- Final year for the Model L, restored to a high standard
- Finished in maroon over tan with many desirable features
- 385-cu.-in. L-head V-8 engine; three-speed manual transmission
- Classic Car Club of America (CCCA) Full Classic
Following Ford’s purchase of the Lincoln Motor Company in 1922, Henry Ford’s only son Edsel was placed at the helm of the luxury concern. Backed by the Ford Motor Co.’s considerable engineering resources and Edsel’s aesthetic sensibilities, Lincolns became everything Fords were not: big, powerful, technologically advanced, and expensive. In stark contrast to Henry’s one-size-fits-all approach to transportation, they were highly customizable, with a roster of coachbuilders providing a variety of attractive body styles.
Once Ford took over, the Model L was built exclusively on a 136-wheelbase starting with the 1923 model year. Ford improved the 60-degree L-head V-8 engine with aluminum pistons and better cooling for the cylinder head. Displacement increased from 358 cubic-inches at inception to 385 cubic-inches in 1928 with a claimed output of 90 horsepower. Much to the chagrin of rebuffed Lincoln founder Henry Martyn Leland, Ford’s oversight had turned around the fledgling luxury brand’s flagging fortunes, with flourishing sales of the Model L paving the way for the Model K of 1931. In its final year of production, the 1930 Model L received only minor updates, including the adoption of a worm-and-roller steering system for more precise control, and fenders painted to match the body color—a first for the company.

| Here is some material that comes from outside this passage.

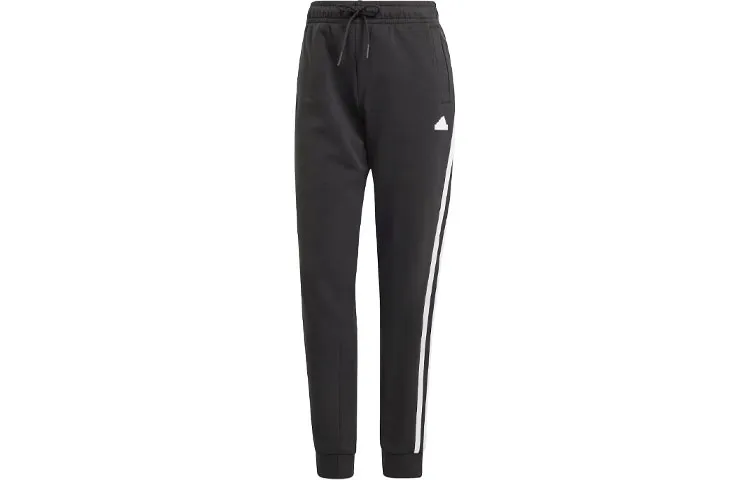 Adidas Future Icons 3 Stripes Regular Pants Knitted Sweatpants Women's Black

The Model L Seven-Passenger Sedan offered here was assembled on 25 June 1930, according to a copy of a from The Henry Ford. It is said to have received a frame-off restoration circa 2014–2017 and, given its current presentation, the work appears to have been executed to a high standard. The car is beautifully finished in maroon over a tan cloth interior replete with tufted upholstery detailing, rear-facing jump seats, roll-up window shades, and a stunning mirror-polished dashboard. Taupe wire wheels coordinate nicely with the interior and are wrapped in wide whitewall tires. Other desirable features include dual, side-mounted spares with polished metal covers, cowl lights, a luggage rack with a color-matched metal trunk, and the distinctive greyhound mascot leaping above the radiator.
A stellar example of the final year for Lincoln’s inaugural Model L, this restored Classic Car Club of America Full Classic is an excellent candidate for both tours and concours.